Estamos à flor da pele

Eu estava lendo um texto da TiTi Muller sobre machismo, direcionado à Antonia Fontenelle. Um texto sobre amor, sobre como as caixas postais estão cheias de ódio e de gente ardendo por mais xingamentos. Sobre como devemos, todos nós, ser a voz da razão, do amor e da luta por respeito.

Em outra janela conversava com um grupo de amigas falando sobre o seriado 13 reasons why, liberado pela netflix na semana anterior. Um seriado sobre bullying, sobre um drama pesado que resultou no suicídio de uma adolescente.

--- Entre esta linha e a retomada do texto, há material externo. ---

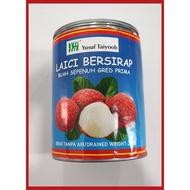 LAICI TIN YUSUF TAIYOOB BERSIRAP 567G (NEW STOCK) CANNED LYCHEE IN SYRUP HALAL MURAH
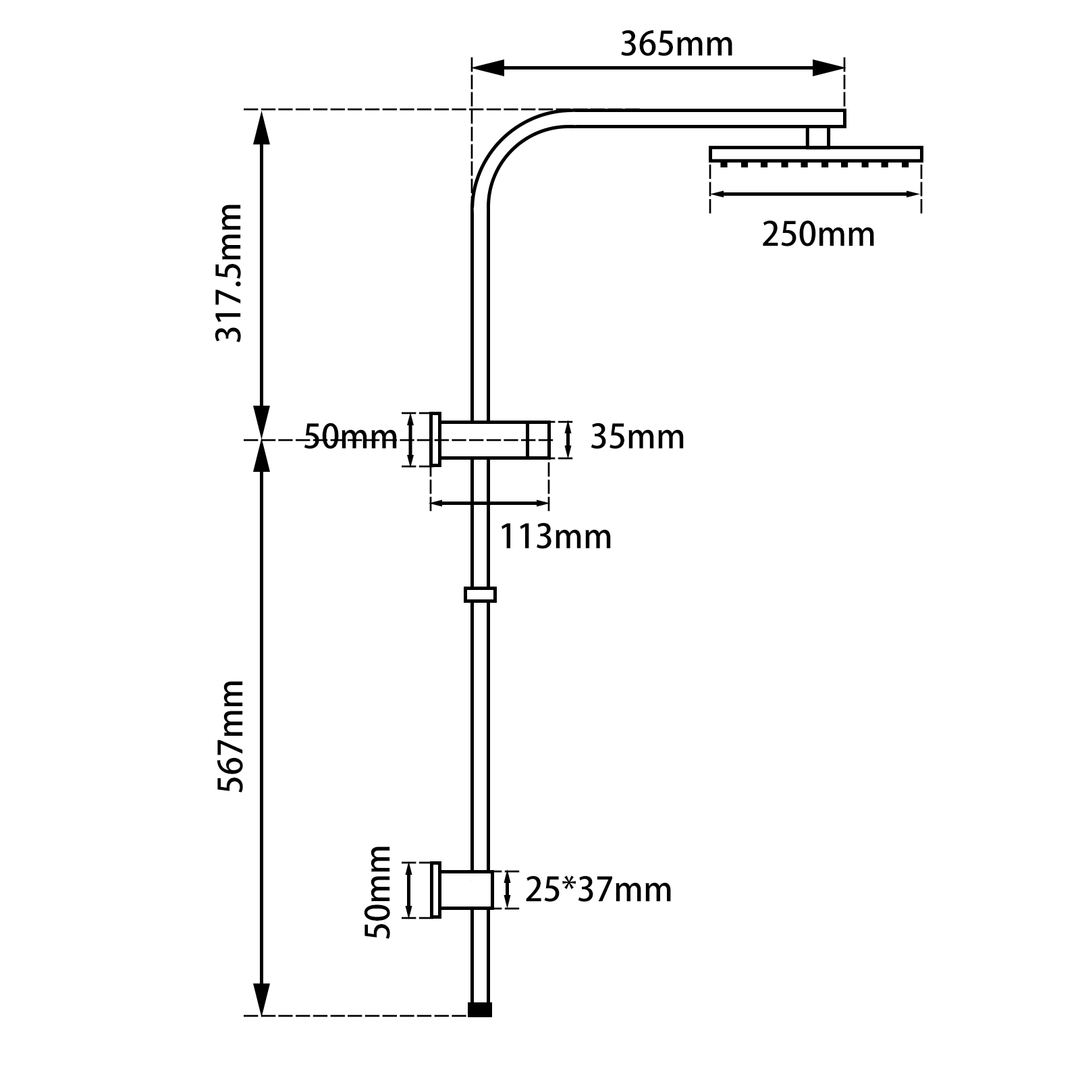 10'' Square Brushed Brass Shower Station(Top Water Inlet)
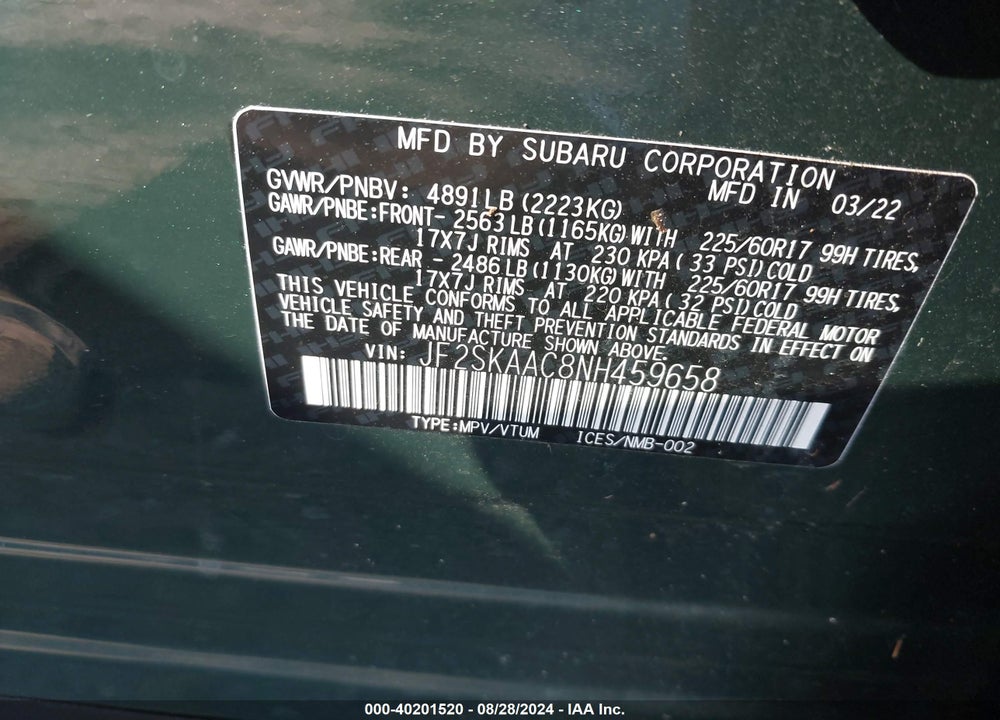 2022 SUBARU FORESTER VIN: JF2SKAAC8NH459658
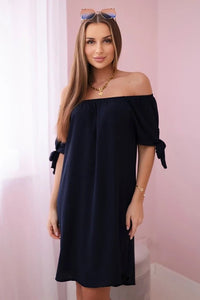 Dress tied on the sleeves 3320 / – Navy blue цвет / color | Lexline Fashion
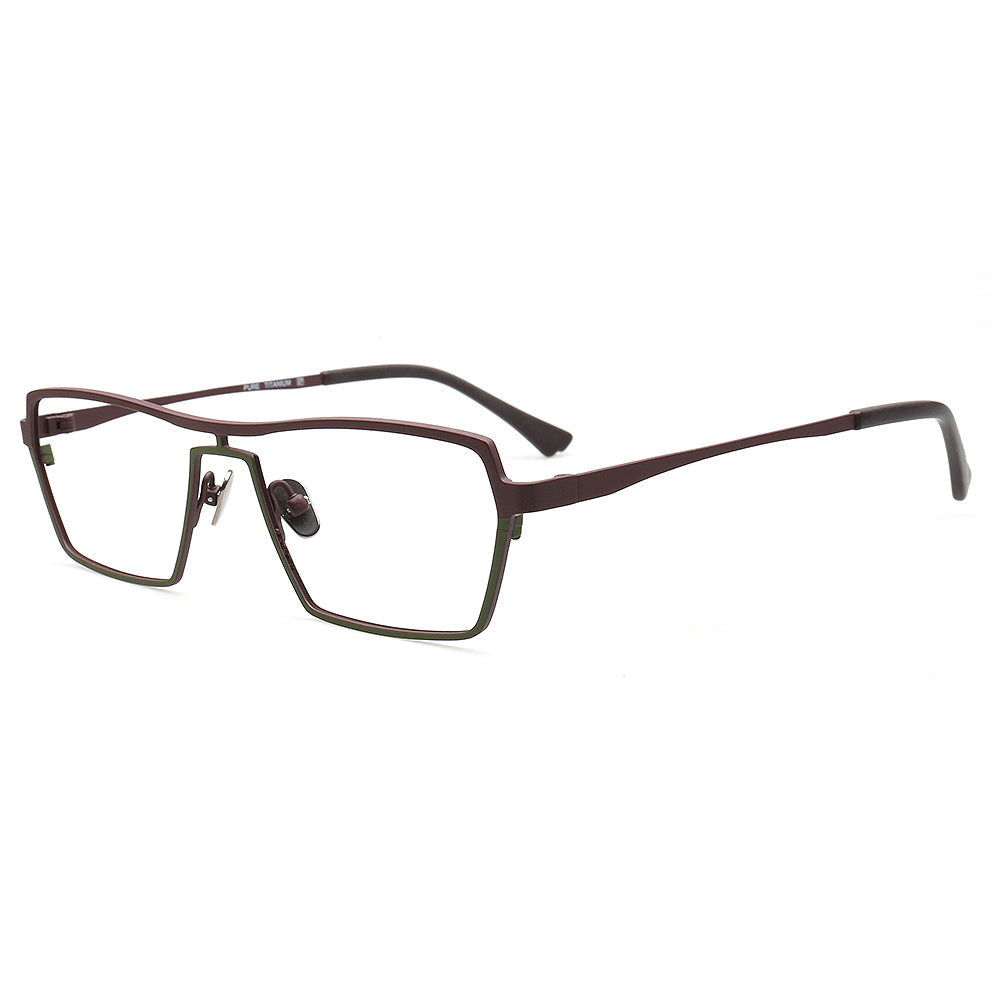 Jeffrey | 80s Titanium Pilot Eyeglasses Frames for Men | Modern Two Tone Square Vintage Glasses Frame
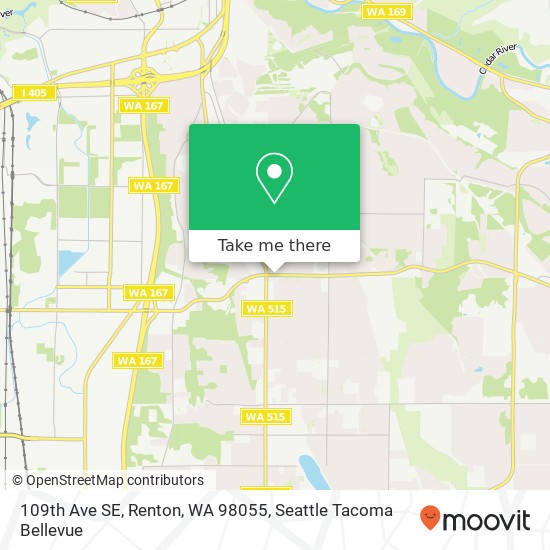 Mapa de 109th Ave SE, Renton, WA 98055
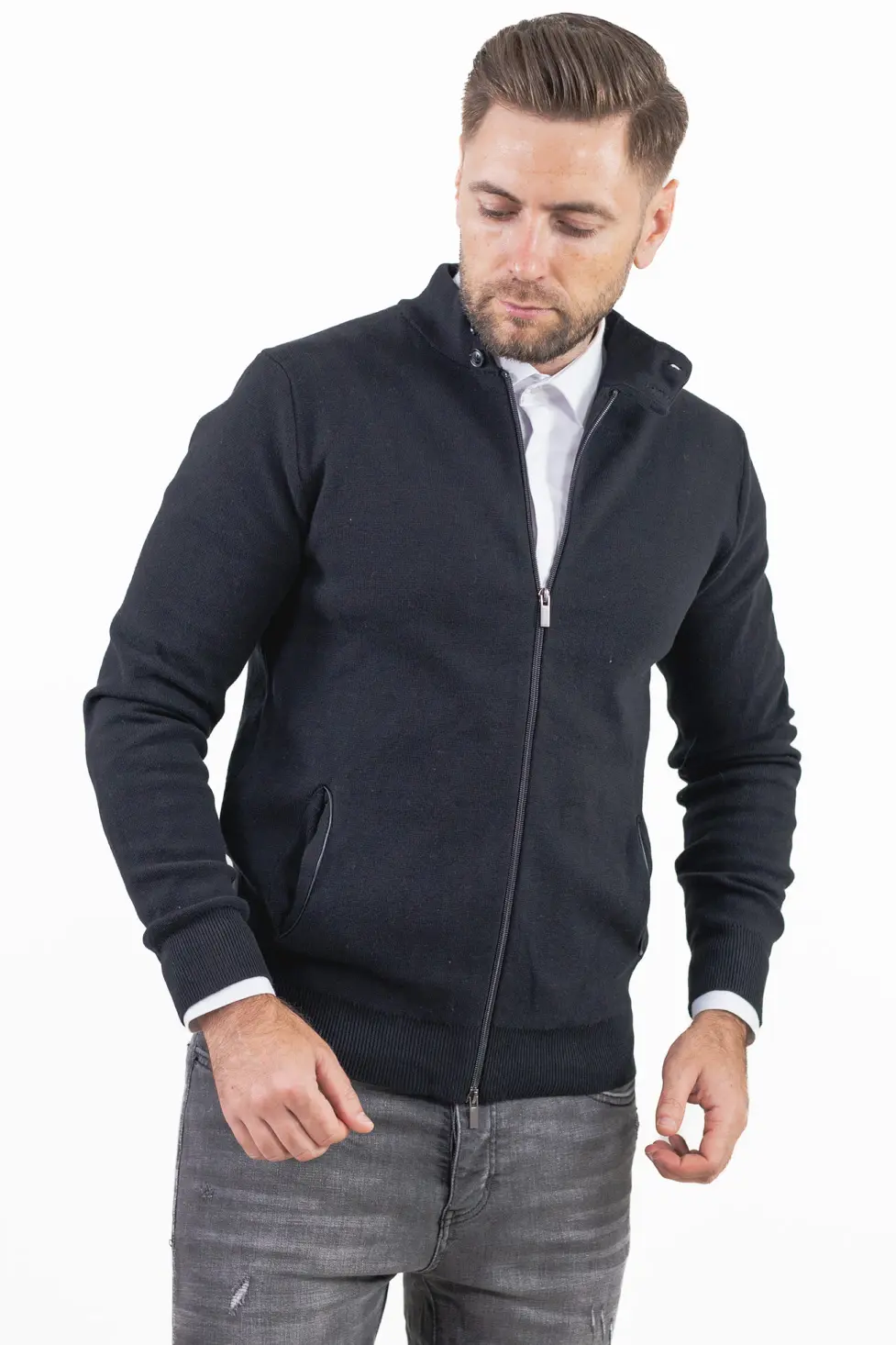 Cardigan elegant bărbați negru cu fermoar dublu [7]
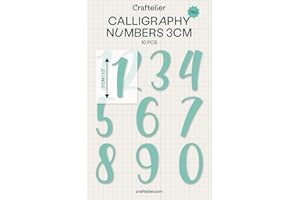 Craftelier - Set de 10 Troqueles de Números Caligrafía para Proyectos de Tarjetería, Scrapbooking y Manualidades | Compatible con Múltiples Máquinas de Troquelado y Materiales | Tamaño Aprox. 3 cm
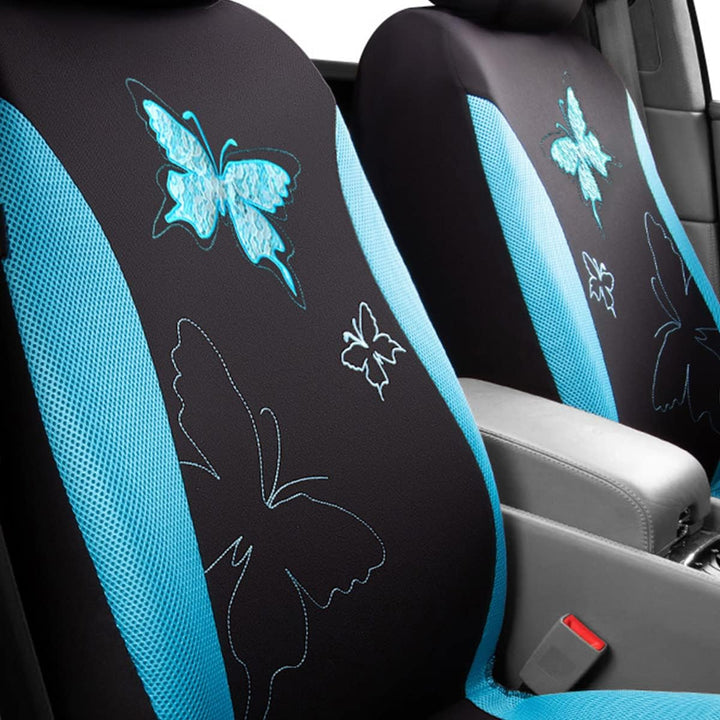 Flying Banner Maschen Schmetterling Universal für Auto Sitzbezüge Seitenairbags Kompatibel (Minzblau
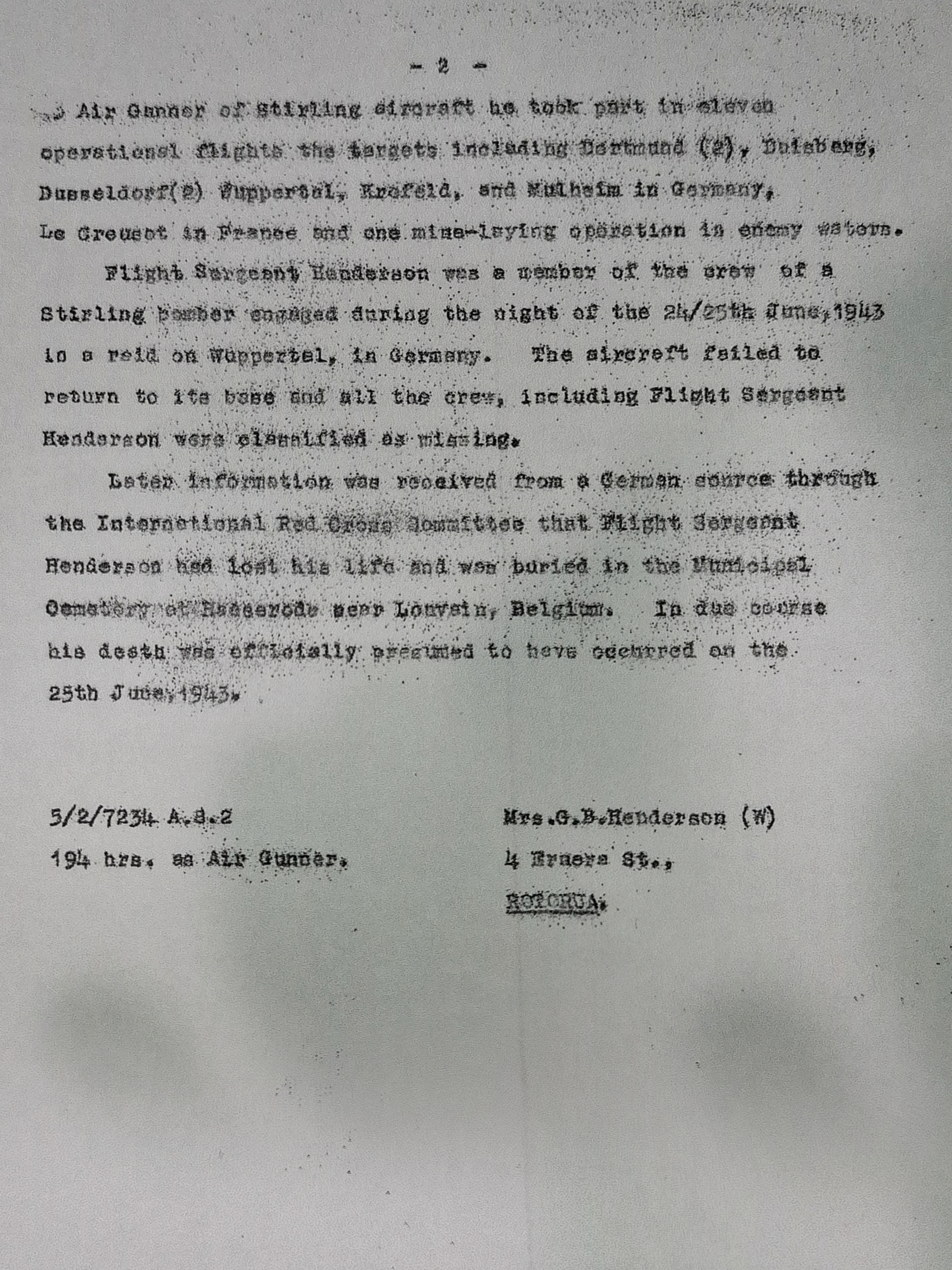 Bio- Flt. Sgt. Gordon Henderson written by his wife Mrs G.B. Henderson Page 2.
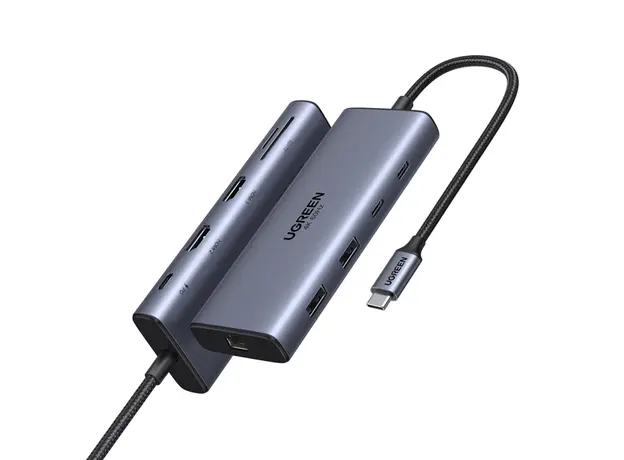 USB-C ჰაბი UGREEN CM639 (45380), HDMI, Type-C, USB-A, RJ45, SD/TF, 10-in-1 USB-C Hub, Grey, 5 image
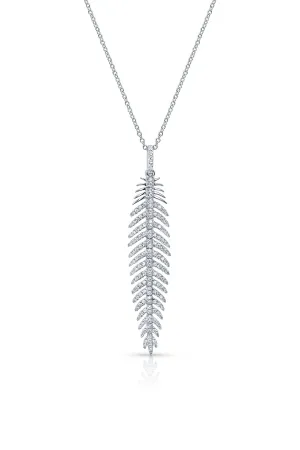 18kt White Gold Feather Pendant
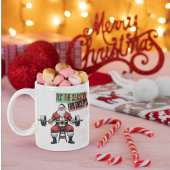 Mug Fitness amusant Noël Bicep Curls Barbell Père Noël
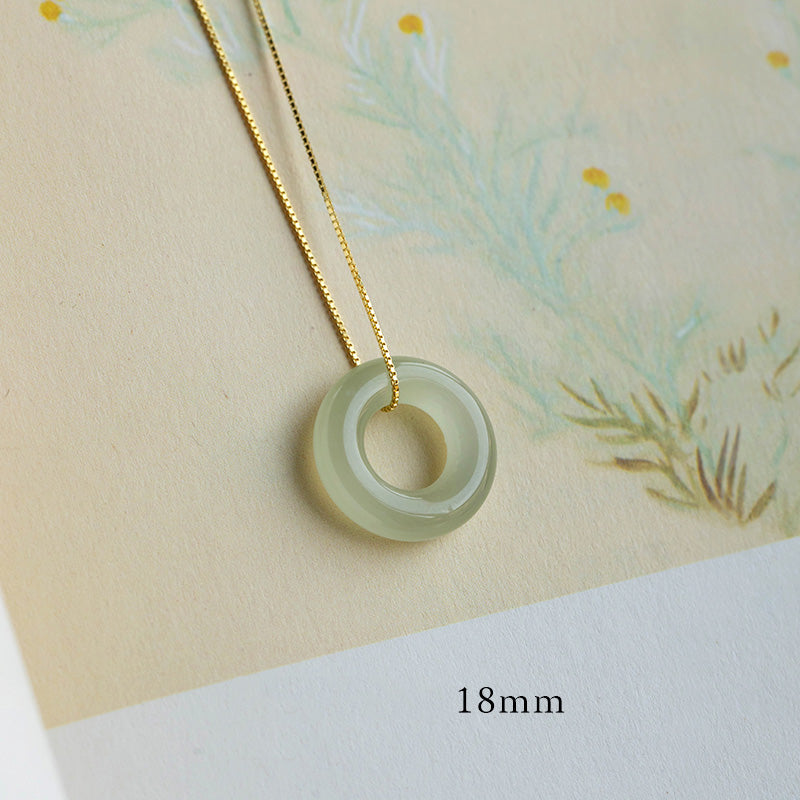 KarmaRipple's Authentic Round Jade Peace Buckle Fortune Abundance Pendant Necklace p3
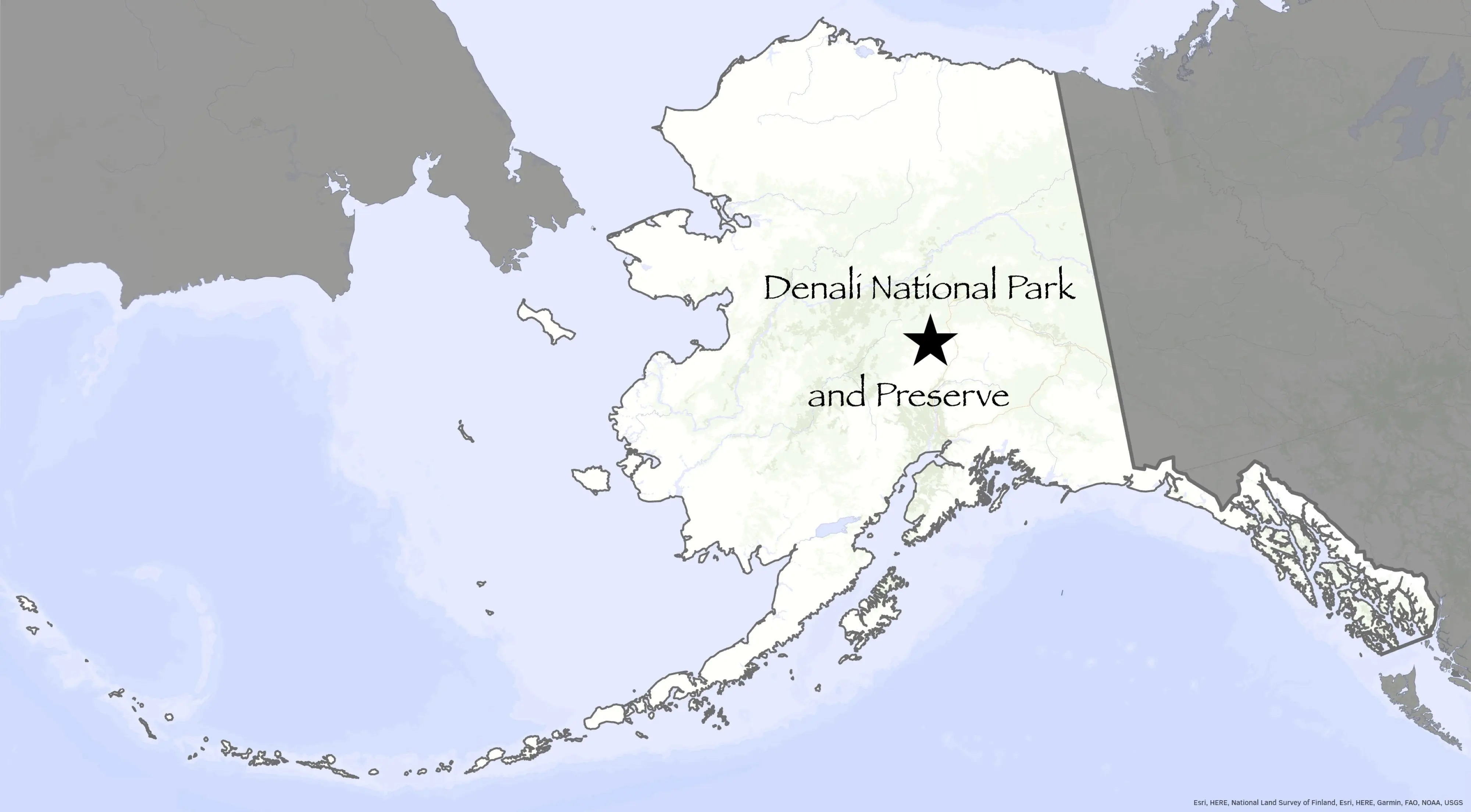 Denali National Park identified on a map of Alaska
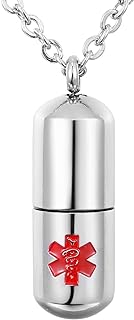 Lobster Clasp Stainless Steel Fingerprint Pendant Necklace with Link Chain for Men & Women - Cylinder Memorial Keepsake Capsule Design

Sim estamos problematizando muita coisa, hoje não pode piada de quase espécie nenhuma. É não pode. Aprendamos a rir do que não humilha ninguém. Ria do cachorrinho bocejando na timeline da rede social, ria do porquinho gordinho tropeçando *(coitado do porquinho), ria do gato que não queria tomar banho. Mas não ria dos outros, não ria do teu semelhante em situação de exposição.

E mais importante, não crie exposições. Esse texto é uma confissão de mea culpa também. Eu já fui a pessoa que aponta o dedo, vez em quando meu lado retrógrado ainda tenta passar na frente. Eu peço perdão por esse lado meu existir, todo santo dia eu tento não ser essa pessoa. Estamos à flor da pele. Estamos por um triz de surtar. No grupo que falava da série uma amiga confessou “a série mexeu comigo mas não me impediu de ficar tão irritada com uma mulher no ônibus que acabei falando coisa feia à ela”.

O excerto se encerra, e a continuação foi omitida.